2008-06-06 Thread Heikki Linnakangas

David E. Wheeler wrote:

On Jun 5, 2008, at 14:47, Greg Smith wrote:

This is why there's the emphasis on preserving comments as they pass 
into the GUC structure and back to an output file.  This is one of the 
implementation details I haven't fully made up my mind on:  how to 
clearly label user comments in the postgresql.conf to distinguish them 
from verbose ones added to the file.  I have no intention of letting 
manual user edits go away; what I'm trying to do here (and this part 
is much more me than Josh) is make them more uniform such that they 
can co-exist with machine edits without either stomping on the other.  
Right now doing that is difficult, because it's impossible to tell the 
default comments from the ones the users added and the current comment 
structure bleeds onto the same lines as the settings.


How about a simple rule, such as that machine-generated comments start 
with ##, while user comments start with just #? I think that I've 
seen such a rule used before. At any rate, I think that, unless you have 
some sort of line marker for machine-generated comments, there will be 
no way to tell them apart from user comments.

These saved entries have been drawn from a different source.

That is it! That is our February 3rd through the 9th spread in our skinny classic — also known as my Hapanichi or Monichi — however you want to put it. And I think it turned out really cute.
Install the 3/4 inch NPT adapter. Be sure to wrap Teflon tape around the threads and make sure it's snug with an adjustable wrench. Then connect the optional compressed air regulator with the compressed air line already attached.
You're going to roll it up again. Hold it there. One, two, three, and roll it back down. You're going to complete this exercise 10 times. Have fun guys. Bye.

What comments do we consider machine-generated? Just the ones used to 
comment out settings, like


#shared_buffers = 32MB

or something else?

If the automatic tool lets alone all other kind of comments, I think 
we're fine. In fact, it wouldn't necessarily need to modify those 
comments either, it could simply add a new setting line below that:


#shared_buffers = 32MB
shared_buffers = 1024MB

For extra safety, it could comment out old settings, perhaps with 
something like this:


#shared_buffers = 32MB
#shared_buffers = 1024MB  # commented out by wizard on 2008-06-05
shared_buffers = 2048MB

This would preserve a full change history in the file. It would become 
quite messy after a lo of changes, of course, but a user can trim the 
history by hand if he wants to.


Or perhaps we should explicitly mark the settings the tool has 
generated, and comment out:


#shared_buffers = 32MB   # commented out by wizard on 2008-06-05
shared_buffers = 1024MB  # automatically set by wizard on 2008-06-05

That way the tool could safely replace automatically set settings, 
without replacing manually set ones without leaving a clear trace of 
what happened.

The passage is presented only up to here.